◆ Input data ◆
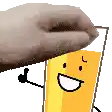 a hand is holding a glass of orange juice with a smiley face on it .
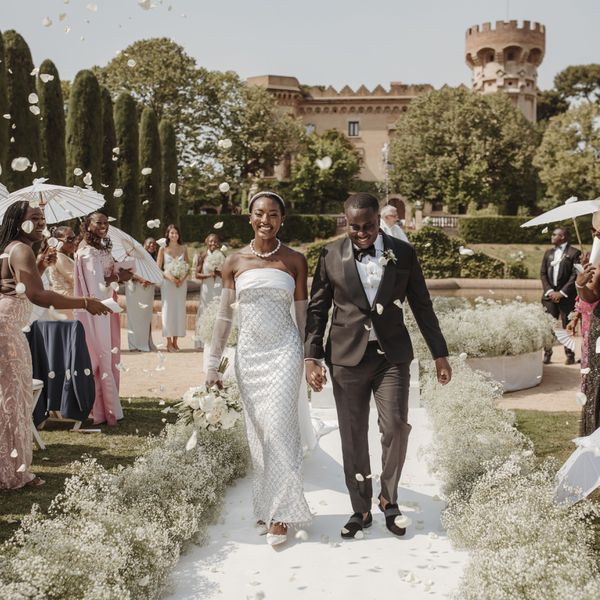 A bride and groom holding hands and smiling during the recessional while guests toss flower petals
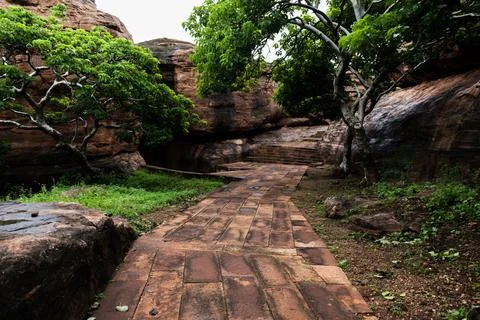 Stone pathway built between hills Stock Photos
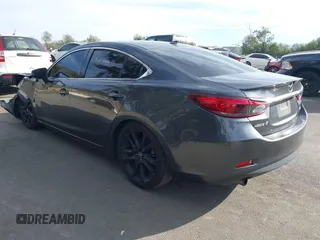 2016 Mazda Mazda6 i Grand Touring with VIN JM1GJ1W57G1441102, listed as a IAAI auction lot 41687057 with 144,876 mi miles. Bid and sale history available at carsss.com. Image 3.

◆ Exercise aim ◆
Return the listing above word for word, with the pictures removed.

◆ Response to the exercise ◆
 a hand is holding a glass of orange juice with a smiley face on it .
 A bride and groom holding hands and smiling during the recessional while guests toss flower petals
 Stone pathway built between hills Stock Photos
 2016 Mazda Mazda6 i Grand Touring with VIN JM1GJ1W57G1441102, listed as a IAAI auction lot 41687057 with 144,876 mi miles. Bid and sale history available at carsss.com. Image 3.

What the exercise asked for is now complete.